One word; culture. Lest you think culture is music, books and art, that is only one part of what culture is. While there isn’t a clear and refined definition of what culture is, most sociologists, anthropologists and archeologists agree that it includes things like family structures (kinship systems), economic and political systems, militaries and social governance.
Although technological development is extremely fast today, in some ways faster than culture can absorb them, it wasn’t always this way. We create and evolve technologies much faster today because we created information technologies, such as the printing press and the internet that enabled us to share knowledge faster. As well as organise socially much easier. Sharing is caring.
Until recently, as in the last hundred years or so, we had a lot of space and time, between major cultures. This enabled various societies to figure out how they would adopt and use, and often reshape, a technology. This is done through socializing it through cultural frameworks of customs, traditions and social norms.
As we’ve sped up transportation and information technologies and created the idea of nations along with population growth, how we adopt and adapt technologies is undergoing significant change. A prime example would be Artificial Intelligence (an umbrella term for a bunch of technologies) bursting onto the global stage like a stark raving mad lunatic in the past year.

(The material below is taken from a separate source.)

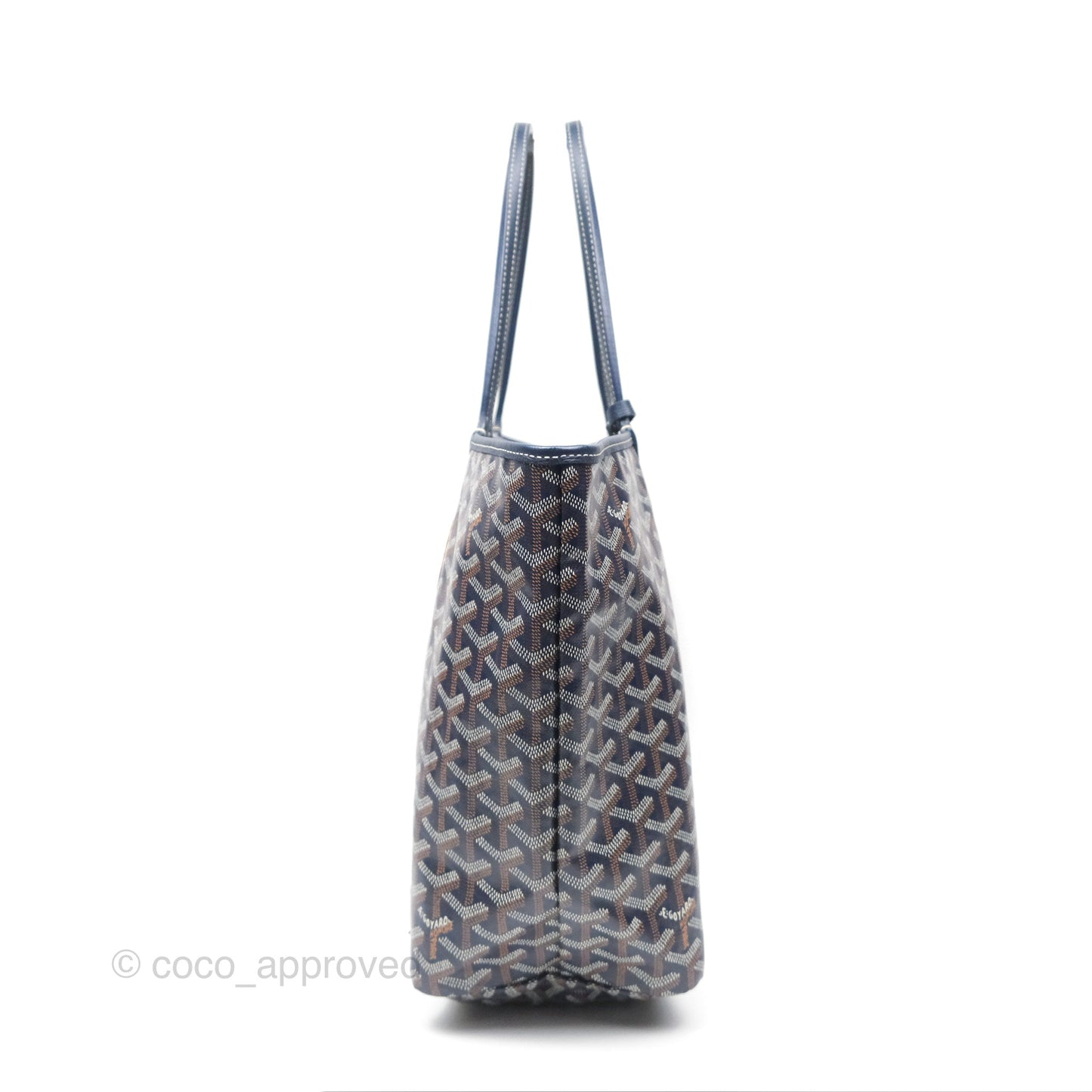 Goyard St Louis Tote PM ⁣⁣⁣⁣⁣⁣⁣⁣⁣⁣⁣⁣⁣⁣⁣⁣⁣⁣⁣⁣Navy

The result of this has been divided opinions, soothsayers, naysayers, doomsayers and overabundant glee. Amid exhausting hype. It is the first time in human history that a revolutionary technology has appeared around the world almost instantly. So yes, it’s causing a degree of culture shock.
Where Are We Going With Technology?
That is entirely speculative, yet we can say that technologies will continue to advance and evolve. That it will, as it always has been, messy. Just as biological evolution is messy and rarely predictable, so it is with technological evolution.
The big difference today is that we are increasingly imagining technologies that augment us cognitively. While we have ancient technologies such as the abacus that provided a degree of congitive augmentation, these had constraints and limitations. With quantum computing and AI, we are evolving technologies that enable our imaginations to get, well, more imaginative. They still have limitations, but we are pushing these boundaries constantly.
In a decade or more, what we call a smartphone today will look as pointless as a rotary dial phone does to us now. How we interact with technologies will be a mixture of thinking, speaking, gesturing and touching.
A lot of computing will fade quietly into the background and we will interact with the world around us much easier than we do today. Many technologies may become more organic as well.
We will evolve new social norms, behaviours, customs and traditions that include technologies that augment us cognitively and enhance us physically even more. How much more? That will be decided by culture, not technology. The limits? Our imaginations.